***** Material for the task

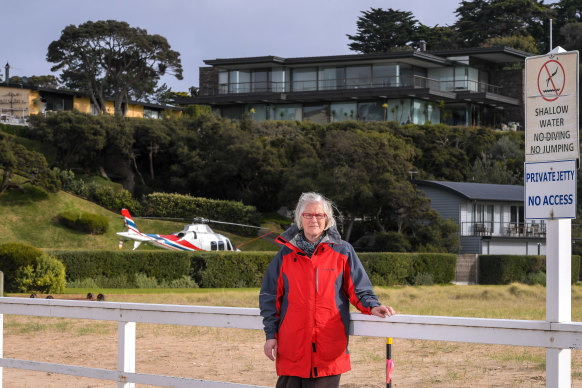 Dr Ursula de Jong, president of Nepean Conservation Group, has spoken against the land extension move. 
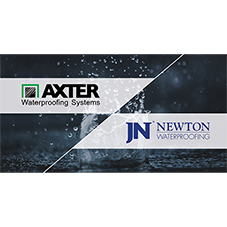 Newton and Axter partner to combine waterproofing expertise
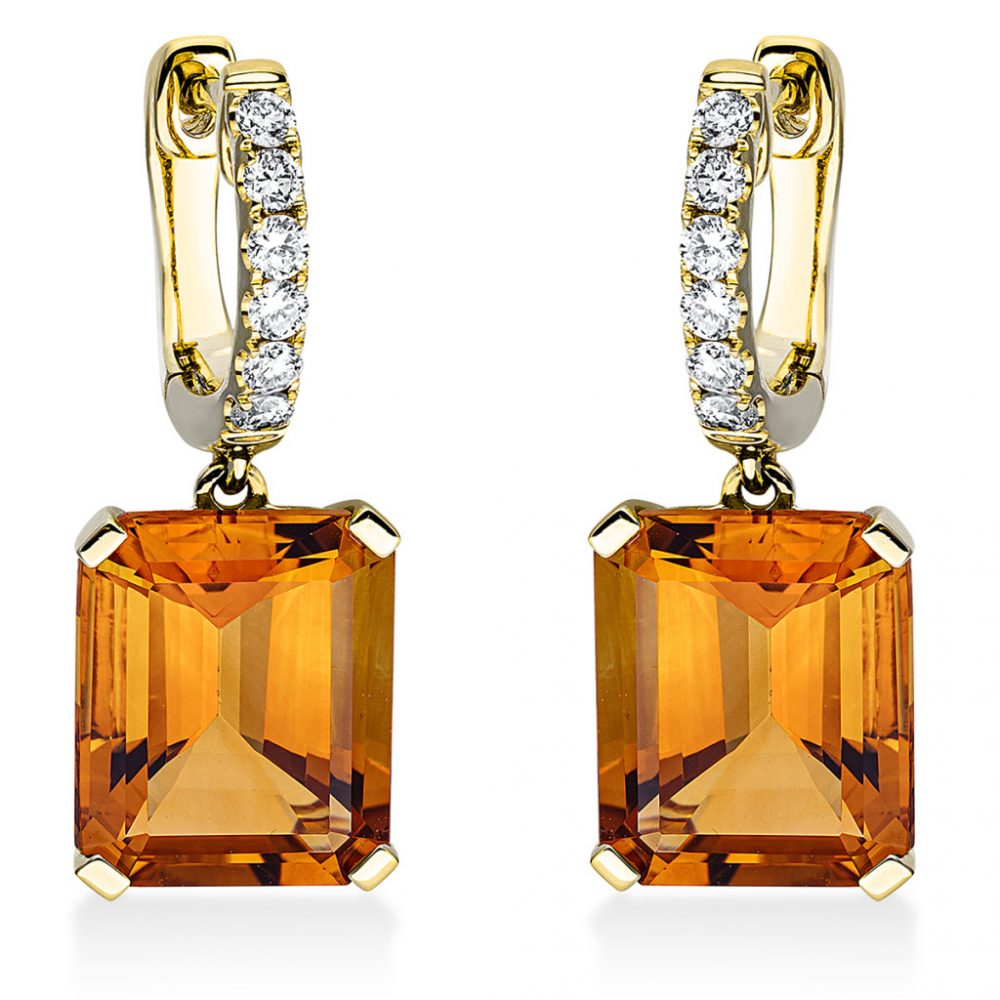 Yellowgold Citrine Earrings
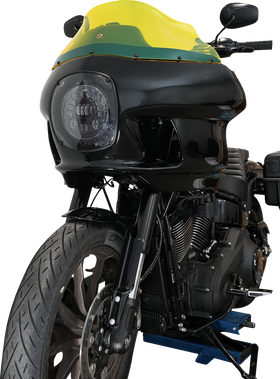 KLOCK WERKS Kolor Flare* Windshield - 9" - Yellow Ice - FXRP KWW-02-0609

**********
***** Material for the task

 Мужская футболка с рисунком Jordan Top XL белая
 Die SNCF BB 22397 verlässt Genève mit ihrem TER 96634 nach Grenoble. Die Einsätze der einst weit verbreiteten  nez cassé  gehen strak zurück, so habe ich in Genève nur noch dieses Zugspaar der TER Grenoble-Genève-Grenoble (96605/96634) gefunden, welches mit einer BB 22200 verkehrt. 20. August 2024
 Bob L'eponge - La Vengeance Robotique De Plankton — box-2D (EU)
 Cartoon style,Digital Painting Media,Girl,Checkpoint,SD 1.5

**********
***** Material for the task

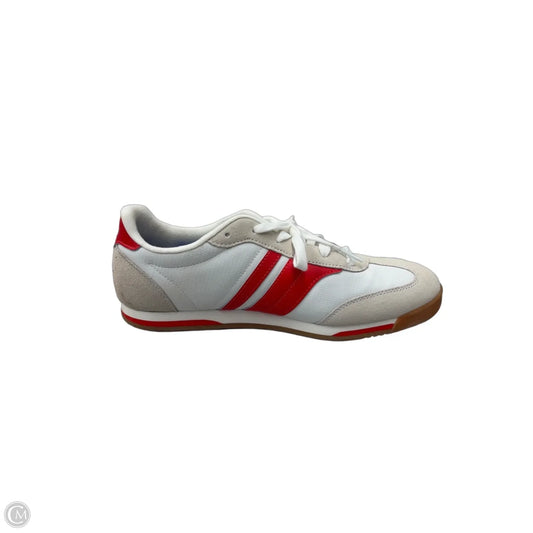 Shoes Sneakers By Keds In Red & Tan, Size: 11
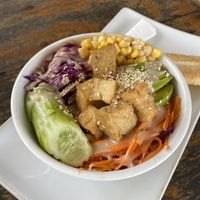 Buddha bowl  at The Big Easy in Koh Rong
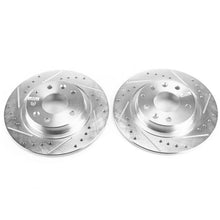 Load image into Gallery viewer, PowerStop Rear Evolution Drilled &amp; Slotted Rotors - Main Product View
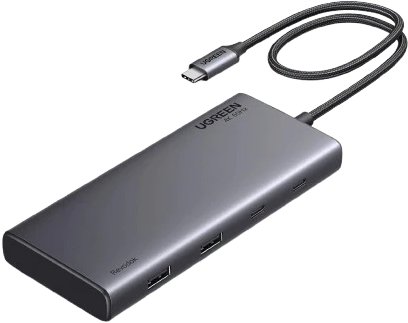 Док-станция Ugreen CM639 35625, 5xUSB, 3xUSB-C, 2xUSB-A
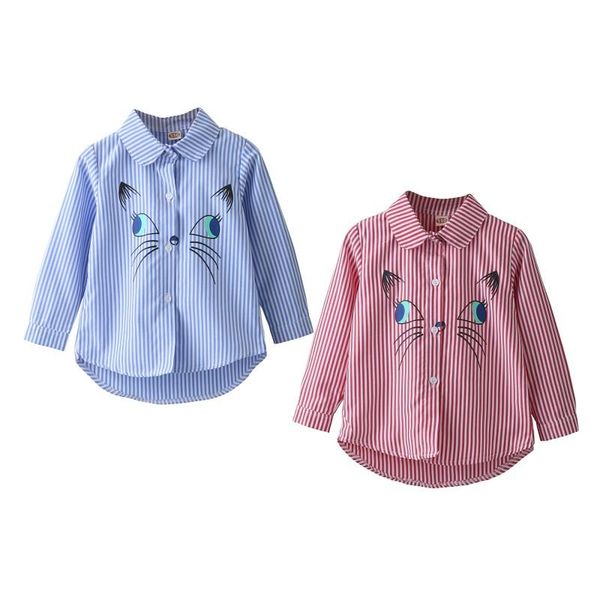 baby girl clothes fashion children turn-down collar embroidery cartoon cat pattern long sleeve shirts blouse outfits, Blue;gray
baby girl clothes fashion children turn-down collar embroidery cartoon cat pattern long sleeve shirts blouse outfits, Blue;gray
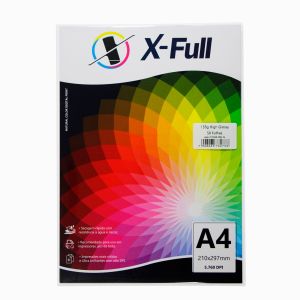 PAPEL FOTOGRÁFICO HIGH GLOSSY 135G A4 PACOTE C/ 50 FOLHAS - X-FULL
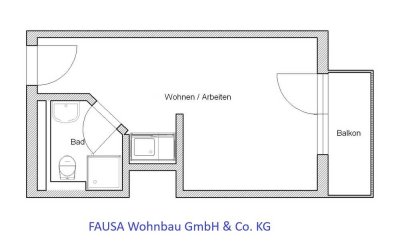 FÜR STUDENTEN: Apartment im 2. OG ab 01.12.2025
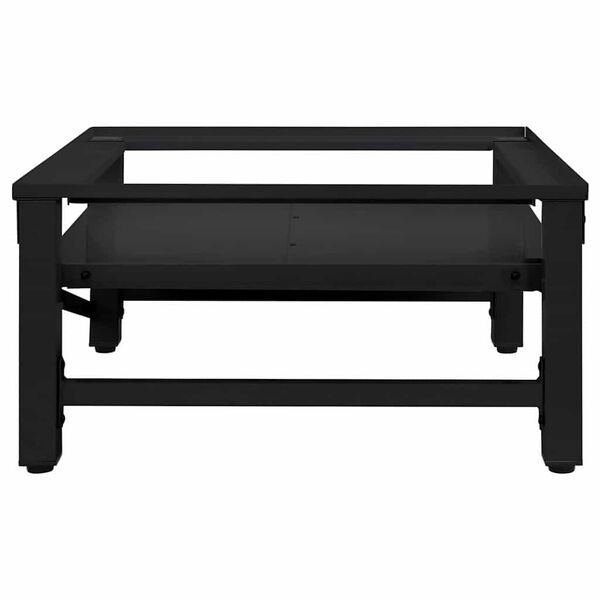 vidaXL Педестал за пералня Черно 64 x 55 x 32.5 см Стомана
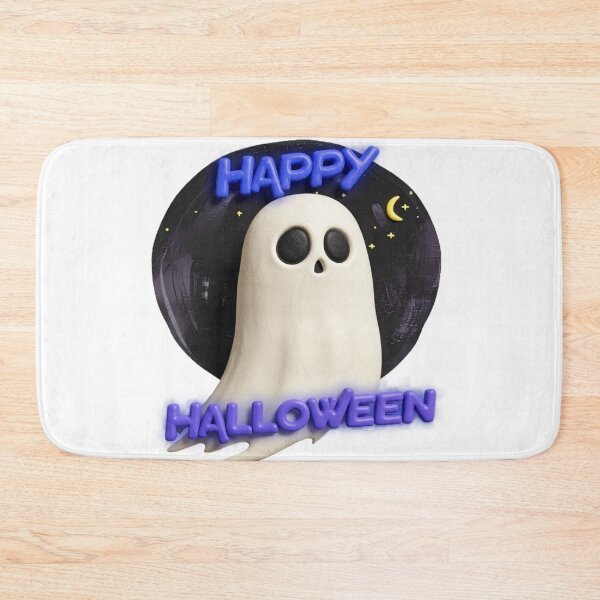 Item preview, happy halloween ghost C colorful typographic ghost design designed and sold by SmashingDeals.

**********

:: Prompt ::
Write out exactly the run of lines above that starts at the line containing "Dr Ursula de" and ends at the line containing "KLOCK WERKS Kolor". Include both, and leave the pictures out.

:: Exercise response ::
 Dr Ursula de Jong, president of Nepean Conservation Group, has spoken against the land extension move. 
 Newton and Axter partner to combine waterproofing expertise
 Yellowgold Citrine Earrings
 KLOCK WERKS Kolor Flare* Windshield - 9" - Yellow Ice - FXRP KWW-02-0609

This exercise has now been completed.